A Non-asymptotic Analysis of Generalized Approximate Message Passing Algorithms with Right Rotationally Invariant Designs

TL;DR

This paper provides a non-asymptotic analysis of generalized AMP algorithms with right rotationally invariant designs, showing that their estimates concentrate rapidly around predicted limits in high-dimensional settings.

Contribution

It extends the analysis of AMP algorithms to non-asymptotic regimes with right rotationally invariant matrices, establishing exponential concentration rates for their estimates.

Findings

Estimates concentrate exponentially fast around their asymptotic predictions.

Validates finite-sample performance of generalized AMP algorithms in practical applications.

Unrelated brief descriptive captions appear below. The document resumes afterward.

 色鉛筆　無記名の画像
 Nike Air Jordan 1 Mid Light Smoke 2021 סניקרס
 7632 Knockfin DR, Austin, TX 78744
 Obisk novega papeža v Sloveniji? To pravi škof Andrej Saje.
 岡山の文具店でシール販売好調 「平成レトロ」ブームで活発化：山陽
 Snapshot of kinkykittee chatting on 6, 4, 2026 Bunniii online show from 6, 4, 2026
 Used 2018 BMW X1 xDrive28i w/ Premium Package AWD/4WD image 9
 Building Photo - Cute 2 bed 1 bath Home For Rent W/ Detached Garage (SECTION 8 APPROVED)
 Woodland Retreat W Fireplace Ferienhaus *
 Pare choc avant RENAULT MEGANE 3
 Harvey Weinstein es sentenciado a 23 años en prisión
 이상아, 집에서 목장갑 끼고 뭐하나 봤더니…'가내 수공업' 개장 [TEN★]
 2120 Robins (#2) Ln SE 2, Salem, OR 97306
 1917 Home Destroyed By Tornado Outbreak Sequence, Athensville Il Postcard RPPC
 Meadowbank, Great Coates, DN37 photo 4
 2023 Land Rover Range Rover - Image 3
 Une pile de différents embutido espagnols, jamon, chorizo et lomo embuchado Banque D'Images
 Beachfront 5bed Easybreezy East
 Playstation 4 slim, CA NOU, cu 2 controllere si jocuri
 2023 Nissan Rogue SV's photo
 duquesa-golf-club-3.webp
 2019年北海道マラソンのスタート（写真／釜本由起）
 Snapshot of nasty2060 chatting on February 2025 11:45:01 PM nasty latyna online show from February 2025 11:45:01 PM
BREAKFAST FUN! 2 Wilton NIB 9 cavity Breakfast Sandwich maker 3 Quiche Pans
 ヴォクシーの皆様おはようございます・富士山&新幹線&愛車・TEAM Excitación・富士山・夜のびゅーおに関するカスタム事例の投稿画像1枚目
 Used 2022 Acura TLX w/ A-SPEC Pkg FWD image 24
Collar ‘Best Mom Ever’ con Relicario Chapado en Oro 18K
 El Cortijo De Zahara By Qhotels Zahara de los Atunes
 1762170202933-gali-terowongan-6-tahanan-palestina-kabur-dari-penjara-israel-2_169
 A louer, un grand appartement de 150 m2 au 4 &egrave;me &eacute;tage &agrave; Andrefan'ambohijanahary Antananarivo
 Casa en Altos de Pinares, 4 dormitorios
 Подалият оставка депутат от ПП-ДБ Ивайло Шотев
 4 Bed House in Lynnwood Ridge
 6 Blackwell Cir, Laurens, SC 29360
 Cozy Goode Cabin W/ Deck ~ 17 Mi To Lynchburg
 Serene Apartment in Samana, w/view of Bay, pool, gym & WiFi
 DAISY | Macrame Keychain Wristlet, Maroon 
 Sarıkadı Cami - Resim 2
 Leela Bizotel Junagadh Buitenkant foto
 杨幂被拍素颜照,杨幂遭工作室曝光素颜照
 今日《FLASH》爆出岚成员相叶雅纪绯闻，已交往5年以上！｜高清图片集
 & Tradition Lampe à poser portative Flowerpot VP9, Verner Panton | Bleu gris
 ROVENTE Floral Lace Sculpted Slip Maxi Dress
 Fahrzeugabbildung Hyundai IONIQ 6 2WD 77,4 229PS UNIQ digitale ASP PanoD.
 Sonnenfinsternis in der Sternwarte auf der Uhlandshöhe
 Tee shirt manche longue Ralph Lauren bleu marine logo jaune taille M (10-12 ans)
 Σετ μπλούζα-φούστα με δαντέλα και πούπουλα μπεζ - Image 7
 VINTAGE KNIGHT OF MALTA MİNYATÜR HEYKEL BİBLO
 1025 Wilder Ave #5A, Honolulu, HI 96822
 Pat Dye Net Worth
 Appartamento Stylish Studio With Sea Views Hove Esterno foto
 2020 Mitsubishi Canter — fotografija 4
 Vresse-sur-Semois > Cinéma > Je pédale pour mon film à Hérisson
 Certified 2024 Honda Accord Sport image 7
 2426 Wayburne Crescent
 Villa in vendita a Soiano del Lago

First non-asymptotic analysis for AMP algorithms with right rotationally invariant designs.

Abstract

Approximate Message Passing (AMP) algorithms are a class of iterative procedures for computationally-efficient estimation in high-dimensional inference and estimation tasks. Due to the presence of an 'Onsager' correction term in its iterates, for $N \times M$ design matrices $\mathbf{A}$ with i.i.d. Gaussian entries, the asymptotic distribution of the estimate at any iteration of the algorithm can be exactly characterized in the large system limit as $M/N \rightarrow \delta \in (0, \infty)$ via a scalar recursion referred to as state evolution. In this paper, we show that appropriate functionals of the iterates, in fact, concentrate around their limiting values predicted by these asymptotic distributions with rates exponentially fast in $N$ for a large class of AMP-style algorithms, including those that are used when high-dimensional generalized linear regression models are assumed to be the data-generating process, like the generalized AMP algorithm, or those that are used when the measurement matrix is assumed to be right rotationally invariant instead of i.i.d. Gaussian, like vector AMP and generalized vector AMP. In practice, these more general AMP algorithms have many applications, for example in in communications or imaging, and this work provides the first study of finite sample behavior of such algorithms.